Is there even a positive correlation between throwing more money at education and having better-educated kids? It looks like at some point over the last thirty years, we got to the point that the administrative cost of distributing the next dollar for education exceeds one dollar, so the extra money gets soaked up by bureaucratic inefficiencies.
But whatever! It's only billions and billions of taxpayer dollars spent by a monopolist that buys its product from a cartel! Clearly, the important thing is to give more money to this completely deranged system, rather than fixing it.
I've never understood this mindset. Don't conservative types like you believe in market influences? How could spending more money NOT improve education levels?

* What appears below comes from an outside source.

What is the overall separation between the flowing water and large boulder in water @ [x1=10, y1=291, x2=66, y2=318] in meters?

Just a couple of examples off the top of my head:
1) Spending more means higher teacher salaries. Higher salaries attract better talent, which means better education.
2) Spending more means better facilities and supplies. Decent materials and supplies lead to a better classroom experience.
I went to a dirt-poor high school in south Georgia. My chem teacher was senile, our textbooks were 14 years old and falling apart, and the sinks leaked chemicals onto the floor. I know this is anecdotal evidence, but more money would have helped my school a TON.
This whole "bureaucratic inefficiency" argument it a catch-all that greedy rich people like to use as an excuse to not help out the less-fortunate.
One point to bring it on topic: Obama has by far the best use of the Internet any candidate has ever had. From fundraising to volunteer recruitment to local organization to event coordination, he blows the competition away.
Number of Obama Meetup groups: 71
Number of Obama Meetup group members: 4,037
Number of Ron Paul Meetup groups: 716
Number of Ron Paul Meetup group members: 28,870
Largest single day online Ron Paul fundraiser: $6.2 million
Largest single day Barack Obama fundraiser: Errrrmmmm....a lot less.
Of course, if you want to get semantic, I suppose you could say Barack Obama's done a better job using the Internet; the Internet has done more in the way of using Ron Paul.
I can sum it up for you: they pretty much represent the normal political spectrum, but there are a lot more libertarians, and probably fewer Bush style conservatives. If you want to see the results of such a discussion: libertarians vs more left-leaning (a lot more in some cases) vs a few lonely moderates, have a look at reddit. It's generally not that entertaining, and I'd much rather talk about things we all have in common rather than those that divide us.
Right, like the undeniable facts that vim is better than emacs, Macs are fundamentally more secure than Linux, the gphone will be better than the iPhone, 37signals is overrated, ruby is better than python...
I'm so happy this happened, because this will finally save the world! (Not)
(To all non-US folks, like me: if the US were really so important as they think to be, it would suffice to save them, and all of the world would be safe and happy.
There's only one big problem here: the progress of US is often based on regress of too many other countries, and especially very poor ones...)
It is not ridiculous, since people aren't downmodding to express a difference of opinion about what the person said. They are downmodding to assert they do not want to hear any political opinion on Hacker News, because--as has been said--there are countless other venues for hackers to express and debate political opinion; Hacker News is not one of them.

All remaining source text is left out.